§ Work order: Your answer is the lines below, exactly, from the one that contains "There is still" through the one that contains "This car was", both included.

§ Provided records:
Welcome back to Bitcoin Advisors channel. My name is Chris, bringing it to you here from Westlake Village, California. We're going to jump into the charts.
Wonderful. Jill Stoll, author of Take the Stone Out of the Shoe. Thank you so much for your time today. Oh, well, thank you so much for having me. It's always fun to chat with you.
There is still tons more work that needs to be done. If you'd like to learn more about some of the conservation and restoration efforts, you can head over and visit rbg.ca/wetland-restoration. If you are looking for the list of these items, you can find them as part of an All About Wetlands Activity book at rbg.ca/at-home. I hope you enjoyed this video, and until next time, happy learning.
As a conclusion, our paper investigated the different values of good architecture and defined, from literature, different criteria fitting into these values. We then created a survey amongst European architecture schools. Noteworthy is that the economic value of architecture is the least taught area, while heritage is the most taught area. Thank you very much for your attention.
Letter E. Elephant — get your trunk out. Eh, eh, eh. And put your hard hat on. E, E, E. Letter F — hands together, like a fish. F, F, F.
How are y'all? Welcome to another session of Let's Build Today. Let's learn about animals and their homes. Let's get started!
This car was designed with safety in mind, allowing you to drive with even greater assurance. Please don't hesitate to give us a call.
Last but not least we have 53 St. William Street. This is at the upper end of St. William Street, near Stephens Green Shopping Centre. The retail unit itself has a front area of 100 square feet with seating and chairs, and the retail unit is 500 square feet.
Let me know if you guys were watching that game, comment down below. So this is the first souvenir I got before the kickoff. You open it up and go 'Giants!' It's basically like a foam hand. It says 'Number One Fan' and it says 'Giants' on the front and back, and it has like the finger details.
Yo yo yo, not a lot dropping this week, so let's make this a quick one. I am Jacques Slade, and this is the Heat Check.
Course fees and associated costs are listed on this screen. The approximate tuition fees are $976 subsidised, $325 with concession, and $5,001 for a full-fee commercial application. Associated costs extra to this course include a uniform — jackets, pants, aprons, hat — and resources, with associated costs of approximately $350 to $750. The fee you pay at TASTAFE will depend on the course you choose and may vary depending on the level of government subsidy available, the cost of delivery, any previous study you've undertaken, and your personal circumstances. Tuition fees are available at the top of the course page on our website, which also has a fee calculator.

§ Solution to the exercise:
There is still tons more work that needs to be done. If you'd like to learn more about some of the conservation and restoration efforts, you can head over and visit rbg.ca/wetland-restoration. If you are looking for the list of these items, you can find them as part of an All About Wetlands Activity book at rbg.ca/at-home. I hope you enjoyed this video, and until next time, happy learning.
As a conclusion, our paper investigated the different values of good architecture and defined, from literature, different criteria fitting into these values. We then created a survey amongst European architecture schools. Noteworthy is that the economic value of architecture is the least taught area, while heritage is the most taught area. Thank you very much for your attention.
Letter E. Elephant — get your trunk out. Eh, eh, eh. And put your hard hat on. E, E, E. Letter F — hands together, like a fish. F, F, F.
How are y'all? Welcome to another session of Let's Build Today. Let's learn about animals and their homes. Let's get started!
This car was designed with safety in mind, allowing you to drive with even greater assurance. Please don't hesitate to give us a call.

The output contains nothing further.